» WHAT YOU HAVE TO DO: Only the lines from the first line of the entries through the line with "What's going on" belong in the answer, each restated word for word and without pictures.

» RECORD SET:
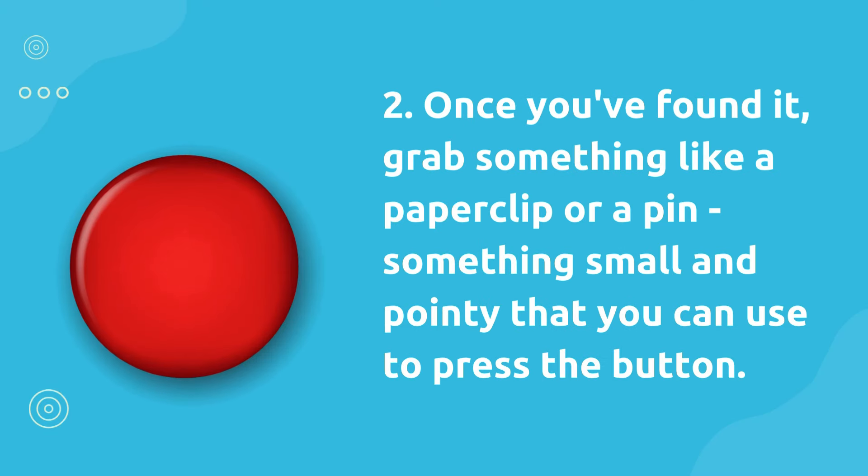Once you've found it, grab something like a paperclip or a pin — something small and pointy that you can use to press the button.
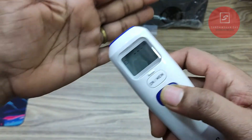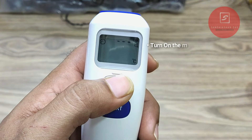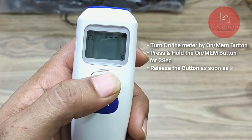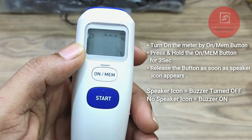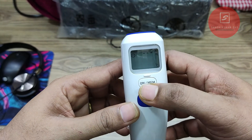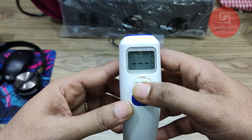There is a beep buzzer that alerts you on every reading. You can turn the buzzer on or off: turn on the meter, then press and hold the on/MEM button for 3 seconds and release — the speaker icon appears and flashes on the right-hand side of the display, and becomes steady when you release. Do the same process again to turn it off. If you press the on/MEM button for 5 seconds, it will turn off the meter without activating the buzzer. To recall previous readings from memory, turn on the meter and press the on/MEM button again repeatedly to scroll through the stored readings.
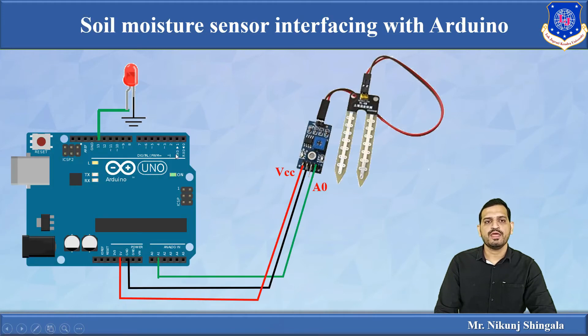Now let us see the connection of the soil moisture sensor with the Arduino. The Arduino Uno is used. The analog output of the moisture sensor is connected to the A0 pin of the Arduino, the ground pin is connected to the GND of the Arduino, and the VCC pin is connected to the 5V pin of the Arduino. At pin 13, an LED is connected. A threshold value is set, and based on the moisture level the LED will turn on or off.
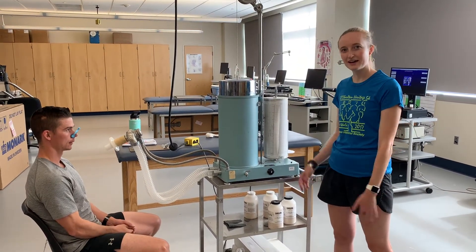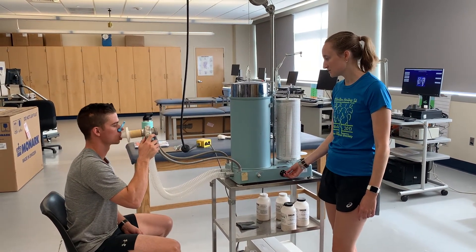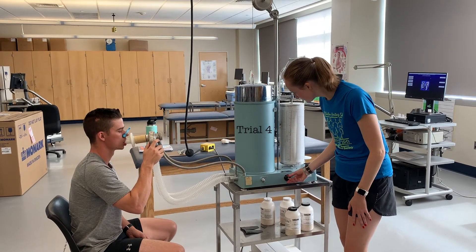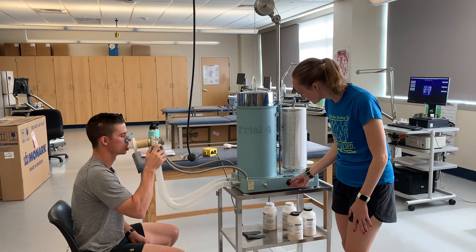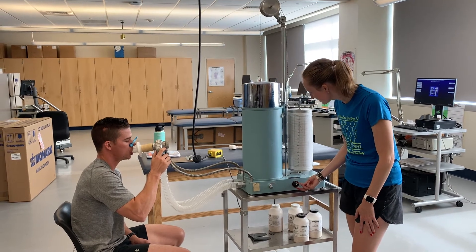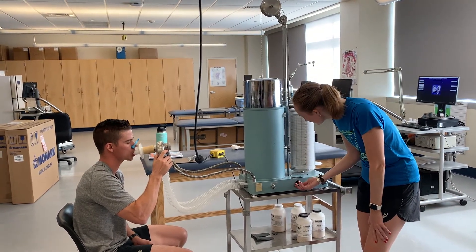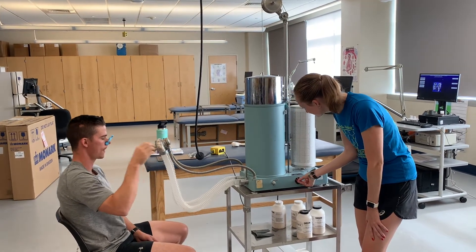We're just going to have Ethan do one more and then we're good to go. Whenever you're ready, start with those normal inhales and exhales. Whenever you're ready, inhale all the way, fill those lungs, and blast out — keep going, push, keep going. And you're good. Nice work.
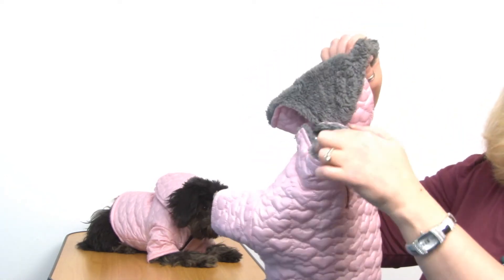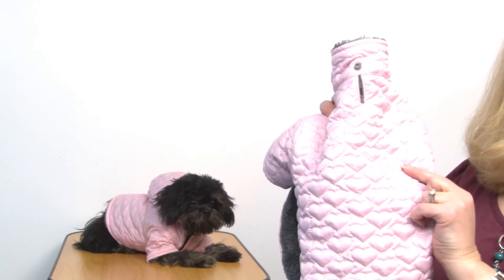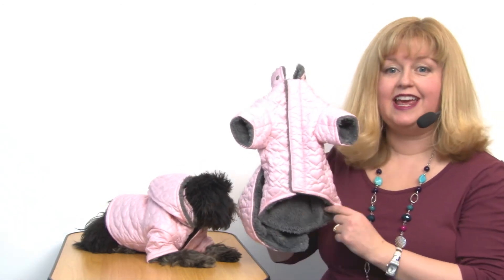If your dog prefers not to wear a hood, you can simply take it off. It does have a leash access hole at the neck, so it's very easy to take your pet for a walk whether your dog likes to use the hood or not. It features a touch fastener down the chest and a high cut tummy so your pup will stay clean and dry.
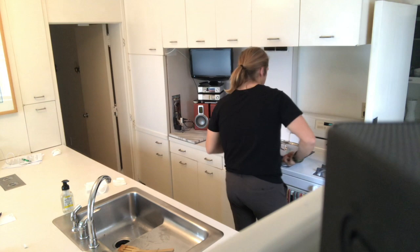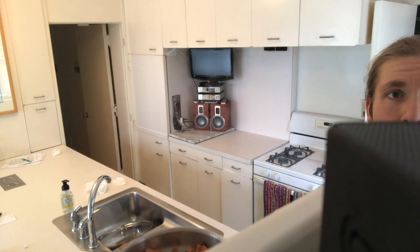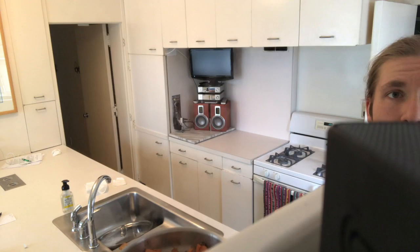All right, time has passed. Let's see what we got. It's looking good — let's see if we can get a close up. Oh yeah, looks great.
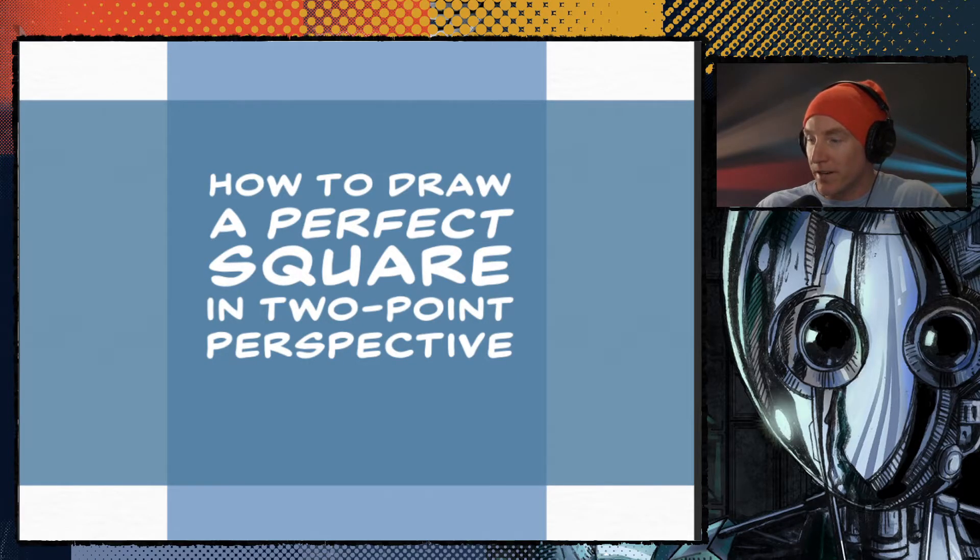What's going on people? My name is Liam and I am here to help you today with drawing a square in perspective. It's a little trickier than you might think and not as difficult as it could be, and there's definitely more than one way to do it. I'm going to cover two of them today. How to draw a perfect square in two-point perspective.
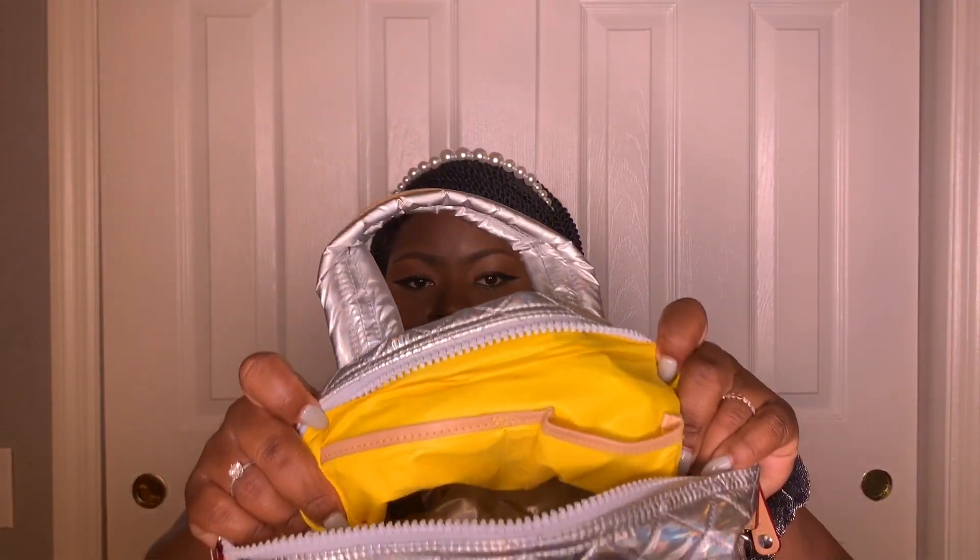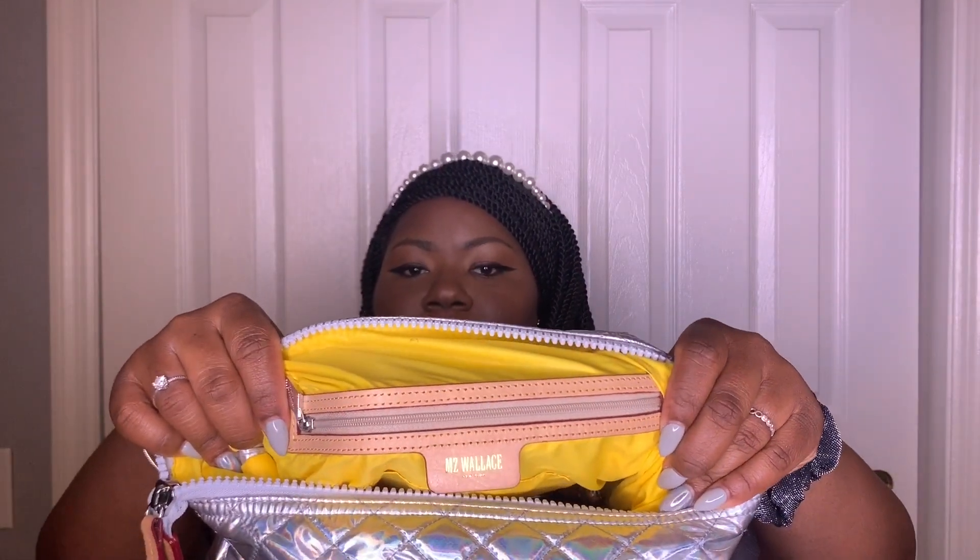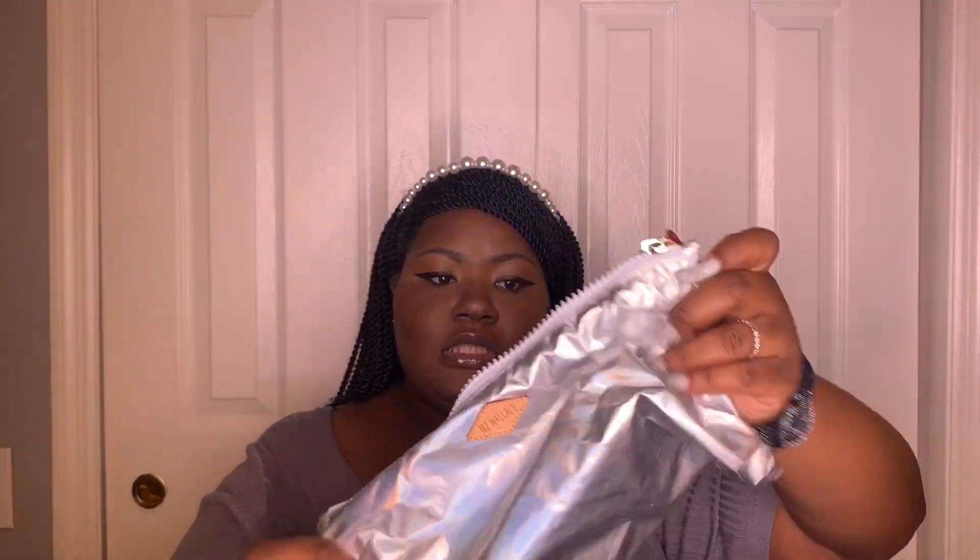Like all the MZ Wallace bags, you get two little pockets inside. The inside of this one is yellow, which kind of scared me a little bit because I don't want it to get dirty. It also comes with a zipper inside pocket with the MZ Wallace logo. And it also comes with one medium-size pouch inside with a leather zipper that is also yellow on the inside. I'm really happy the actual zipper on it is not silver — I like that it matches the color of the bag.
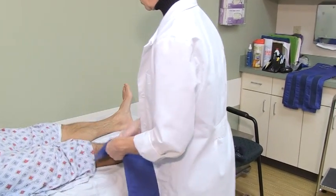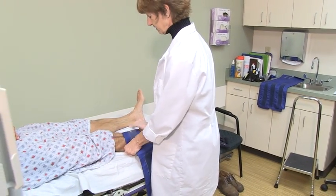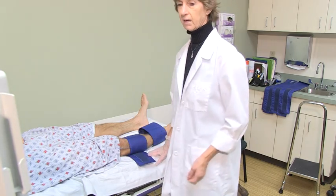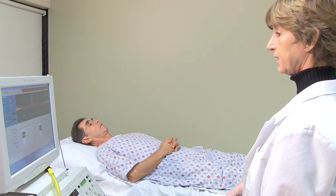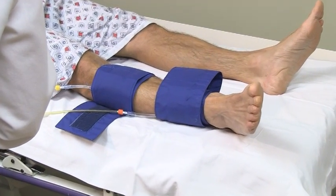They will then place blood pressure cuffs on your legs, arms, feet, and possibly toes. Two measurements will be taken with the blood pressure cuffs. The first measurement, the cuffs will pump up slightly. The second measurement is a blood pressure and will be slightly tighter. This is just the same as taking the blood pressure in your arm.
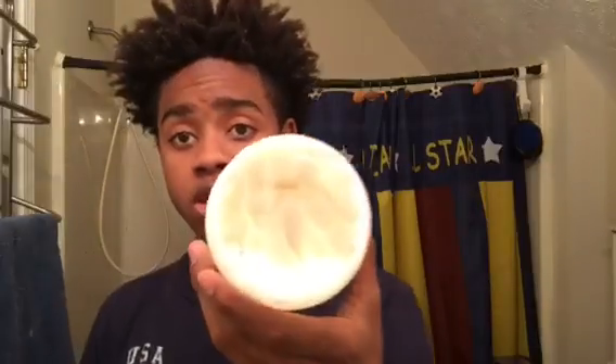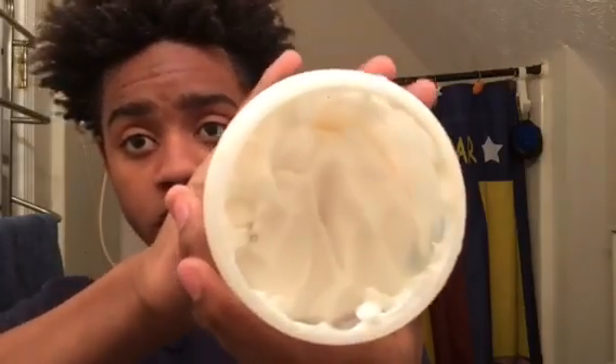All you gotta do is get in the shower, wash your hair, put in some leave-in conditioner — I got some right there — grab a sponge, brush, towel, or shirt, it doesn't matter, and just go in a circular motion. I went counterclockwise. Whatever hand you use, use that hand.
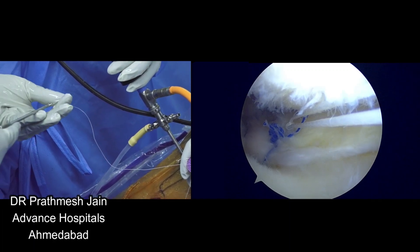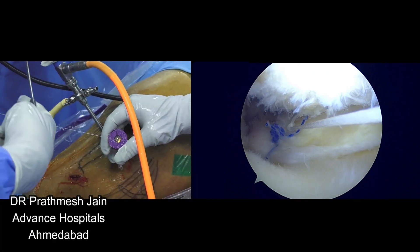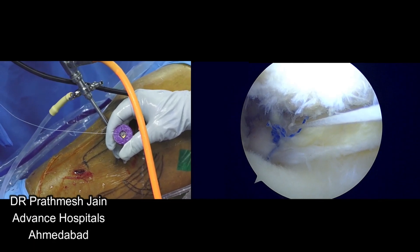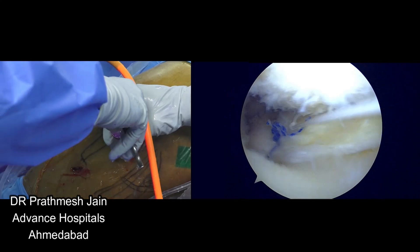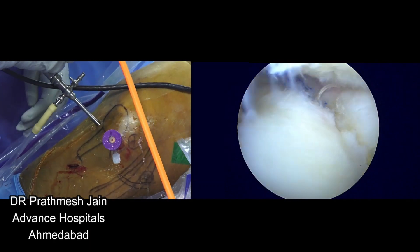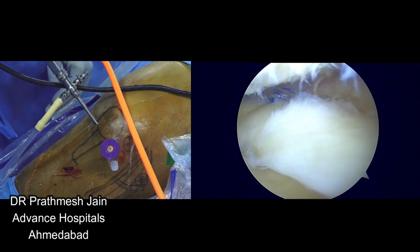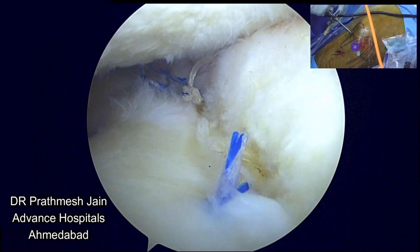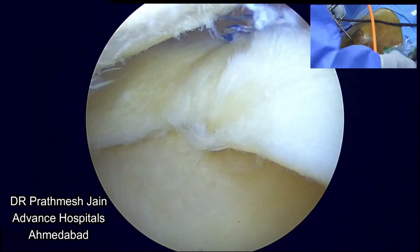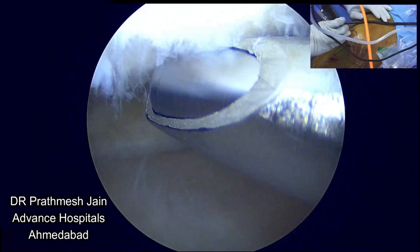So if you do it properly — meniscus centralization properly, extrusion repair anchors properly, and root repair properly — your meniscus is intended to come to functional position and the chances of osteoarthritis will surely be delayed. This is the root fix anchor we have used, along with one OsteoneX anchor for the body and one OsteoneX anchor for the anterior part of the meniscus. You can combine it with condoplasty procedures — if the lesion is big you can do a mosaicplasty or an ACI.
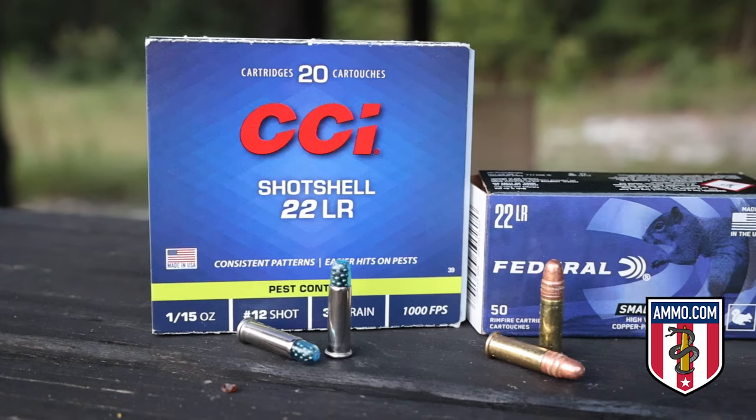Another practical use is hunting. I've used 22 long rifle plenty for squirrel hunting. For small game, it's perfect — really lightweight and easy to carry around. You can even get it in subsonic so you can use a suppressor and be even quieter than it already is. It's also small enough that it's not going to blow your squirrel to bits, which is helpful if you actually want to harvest and eat it.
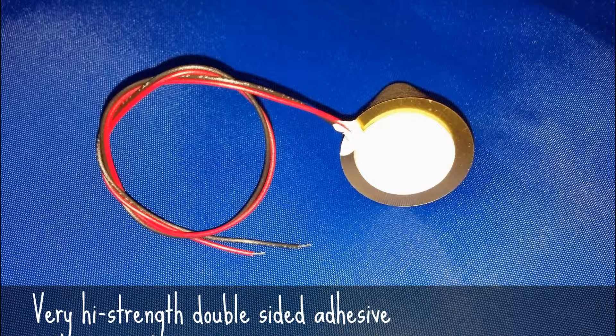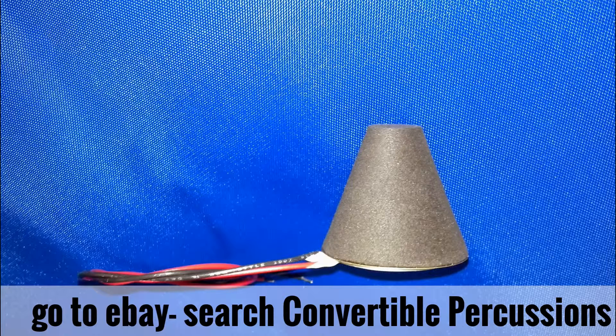12-inch long, multi-stranded, flexible leads are made of number 26 AWG copper wire. These leads can be wired to your quarter-inch jack of choice — sorry, but that's not supplied by me.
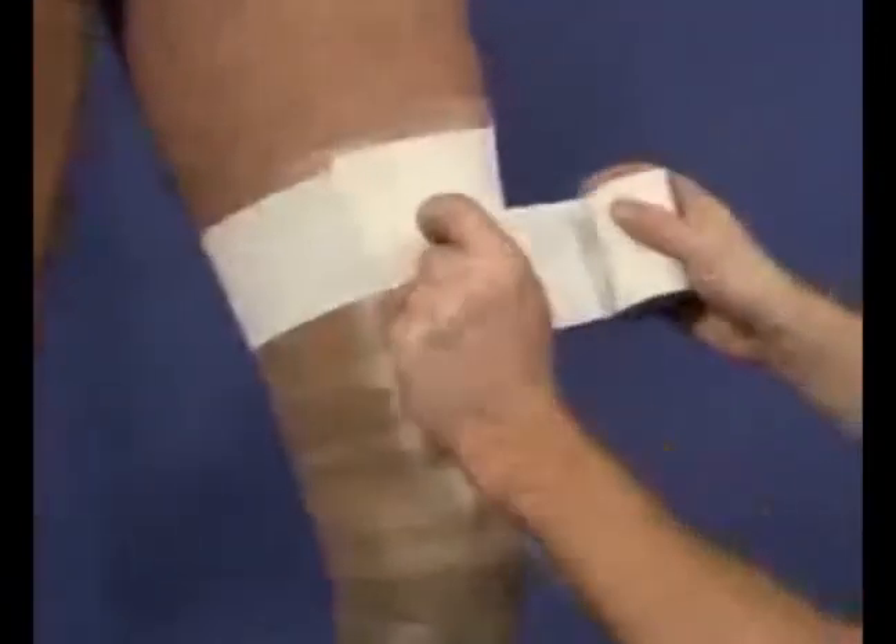It is used in a number of taping applications and is particularly useful for taping around muscles as they expand during exercise.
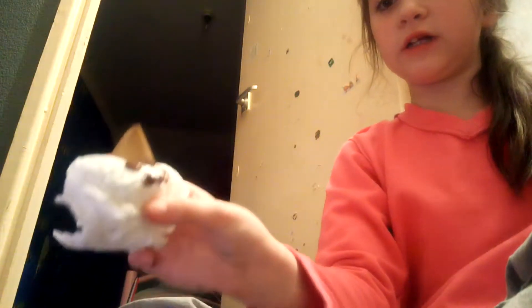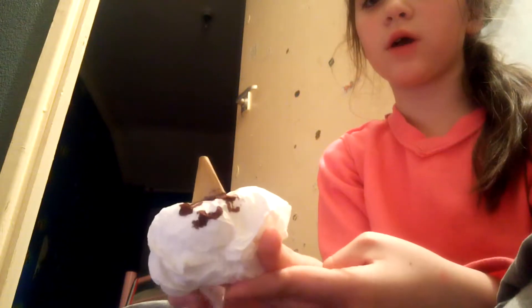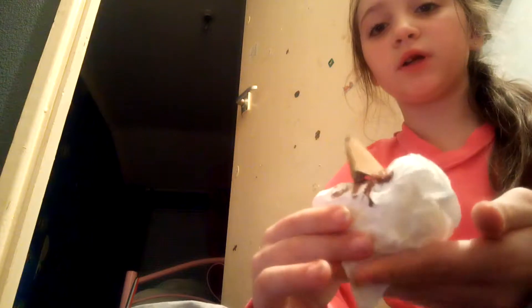Hi guys! Today I'm working on a unicorn stress ball — or whatever stress ball you want. I've made a unicorn one because I love unicorns.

» OUTPUT FOR THIS TASK:
Once you've found it, grab something like a paperclip or a pin — something small and pointy that you can use to press the button.
There is a beep buzzer that alerts you on every reading. You can turn the buzzer on or off: turn on the meter, then press and hold the on/MEM button for 3 seconds and release — the speaker icon appears and flashes on the right-hand side of the display, and becomes steady when you release. Do the same process again to turn it off. If you press the on/MEM button for 5 seconds, it will turn off the meter without activating the buzzer. To recall previous readings from memory, turn on the meter and press the on/MEM button again repeatedly to scroll through the stored readings.
Now let us see the connection of the soil moisture sensor with the Arduino. The Arduino Uno is used. The analog output of the moisture sensor is connected to the A0 pin of the Arduino, the ground pin is connected to the GND of the Arduino, and the VCC pin is connected to the 5V pin of the Arduino. At pin 13, an LED is connected. A threshold value is set, and based on the moisture level the LED will turn on or off.
We're just going to have Ethan do one more and then we're good to go. Whenever you're ready, start with those normal inhales and exhales. Whenever you're ready, inhale all the way, fill those lungs, and blast out — keep going, push, keep going. And you're good. Nice work.
If your dog prefers not to wear a hood, you can simply take it off. It does have a leash access hole at the neck, so it's very easy to take your pet for a walk whether your dog likes to use the hood or not. It features a touch fastener down the chest and a high cut tummy so your pup will stay clean and dry.
All right, time has passed. Let's see what we got. It's looking good — let's see if we can get a close up. Oh yeah, looks great.
What's going on people? My name is Liam and I am here to help you today with drawing a square in perspective. It's a little trickier than you might think and not as difficult as it could be, and there's definitely more than one way to do it. I'm going to cover two of them today. How to draw a perfect square in two-point perspective.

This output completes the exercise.